**Problem statement**
In the records below, the lines between the one holding "Pixels Display, Waterfall" and the one holding "Close-up of a", inclusive, are to be transcribed exactly; no pictures are to be included.

Input below:

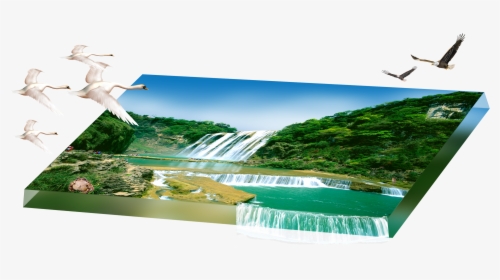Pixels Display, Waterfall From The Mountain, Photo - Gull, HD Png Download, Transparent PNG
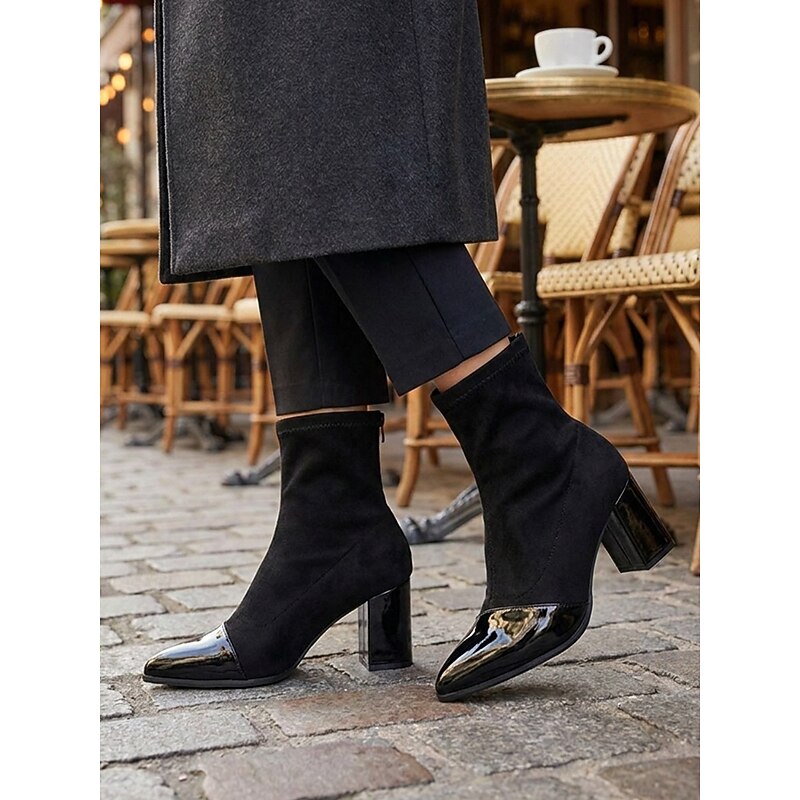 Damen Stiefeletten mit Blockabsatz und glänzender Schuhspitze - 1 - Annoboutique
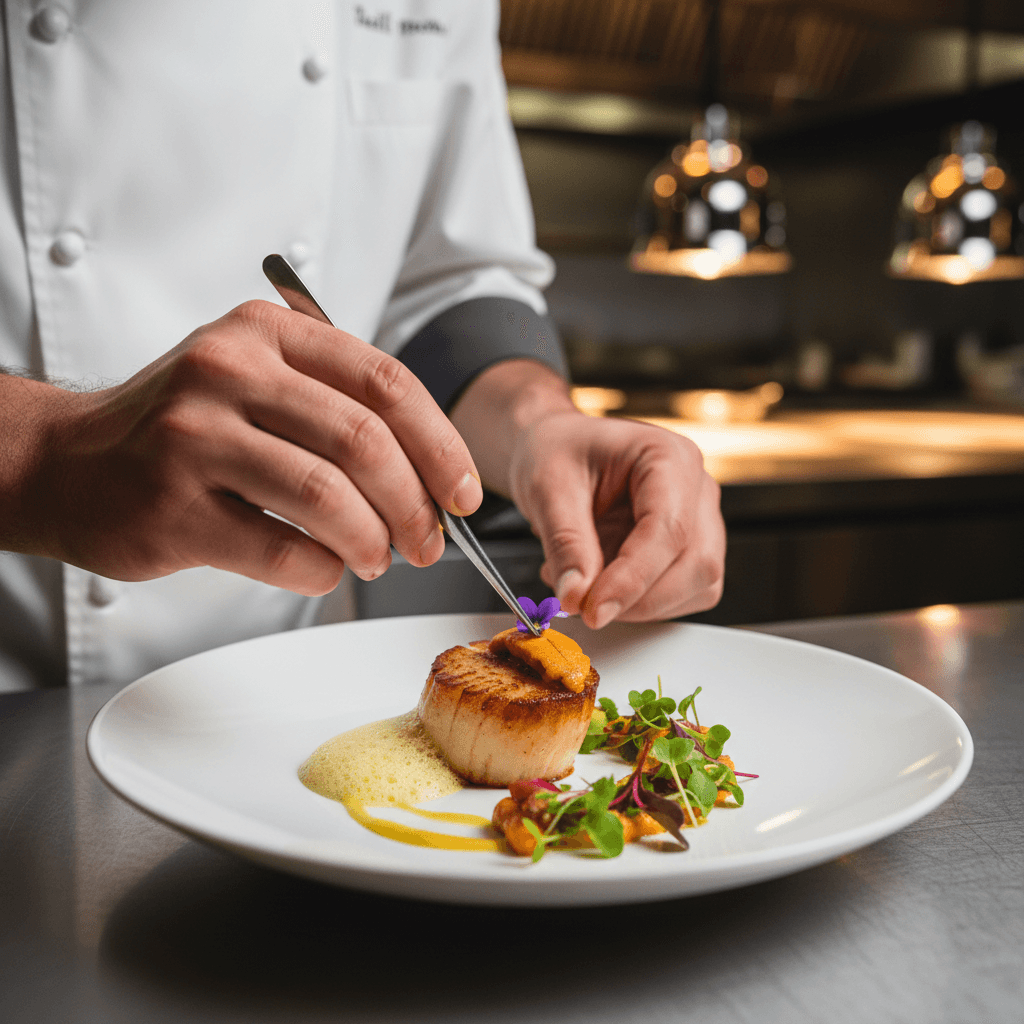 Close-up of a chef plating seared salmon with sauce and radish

End of Input.
Input below:

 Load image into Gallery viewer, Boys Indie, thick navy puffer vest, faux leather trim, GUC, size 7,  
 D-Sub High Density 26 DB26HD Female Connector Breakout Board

End of Input.

**Output for this task**
Pixels Display, Waterfall From The Mountain, Photo - Gull, HD Png Download, Transparent PNG
 Damen Stiefeletten mit Blockabsatz und glänzender Schuhspitze - 1 - Annoboutique
 Close-up of a chef plating seared salmon with sauce and radish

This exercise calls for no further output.